Daisy and Billy cross paths when a producer realizes that the key to supercharged success is to put the two together. What happens next will become the stuff of legend.
The making of that legend is chronicled in this riveting and unforgettable novel, written as an oral history of one of the biggest bands of the seventies. Taylor Jenkins Reid is a talented writer who takes her work to a new level with Daisy Jones & The Six, brilliantly capturing a place and time in an utterly distinctive voice.
Set in the iconic age of rock and roll, we meet Daisy Jones and The Six (two separate entities) as they come up and join together as the biggest band in the world. This is the first book in a while where I’ve been able to sit down and read it fully cover to cover in one day.
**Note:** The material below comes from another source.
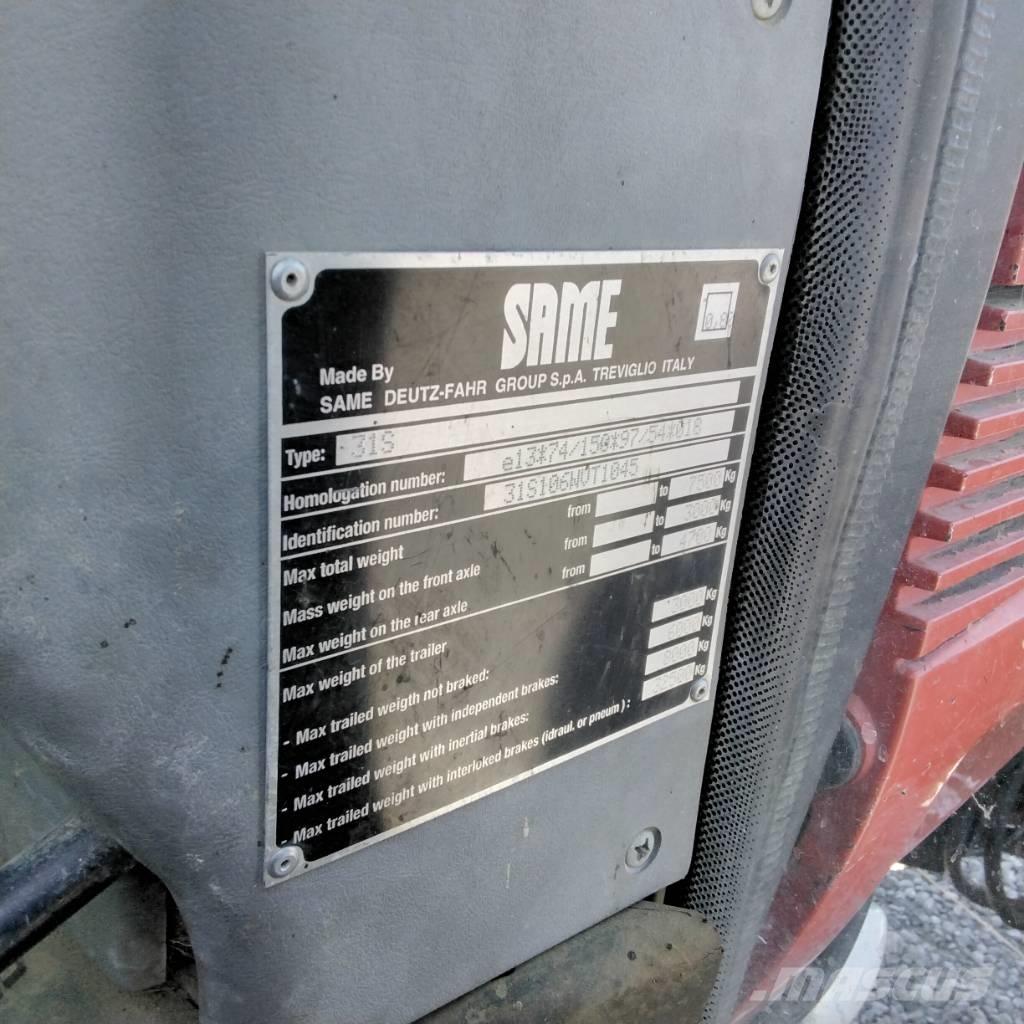 Same Silver 110 曳引機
The story itself is exciting, angsty and unput-down-able. A lot of inspiration is drawn from Fleetwood Mac and the breakdown of Nicks and Buckingham’s relationship. However there’s a clear love story that has postive connotations throughout.
The book’s format is very much a docu-style series of interviews. Sometimes it feels like some characters are next to one another, and other times it’s individual. However each cahracter is being asked about the same experiences from their point of views.
One thing I loved was that the characters are talking to the interviewer throughout, and you can clearly see where there’s two sides to a story OR a characterter is mis-remembering, whether on purpose or not, what has happened. This means that there’s a level on unreliable narrator, we’ll never truly know what happened to split the beand but here’s the closest to finding out we’ll be.
There’s also a clear theme throughout about substance abuse and addiction. Many characters are purely recreational users, but there’s others who really suffer. I enjoyed that there’s multiple perspectives, and even one of the management POV’s asks the question of whether they should have stepped in and stopped it or managed it so the characters aren’t taking more than they should. There’s also the fact that none of the characters really get better, there’s always a tempatation or a relapse that could happen which is so realistically written. .
Daisy Jones is a confident, sex symbol-like singer songwriter and seems to effortlessly suceed as she grows up on the Strip and then becomes a musician. Not wanting to be a muse to someone, but to be the someone we see her develop over the course of the book and come up against her vulnerabilities and issues like substance abuse. We watch a vulnerable young girl blossom into a women who can’t quite communciate what she needs, in a situation where she’s never going to win.
On the other side of the substance abuse coin we see Billy Dunne who has severe problems very early on in the life of The Six, and turns it all around to be a father and husband that can be trusted. We see thow helpful it is to have a Camila, Teddy Price and family to be there for you and help, and this contrasts with poor Daisy who most often feels alone even when she’s with people.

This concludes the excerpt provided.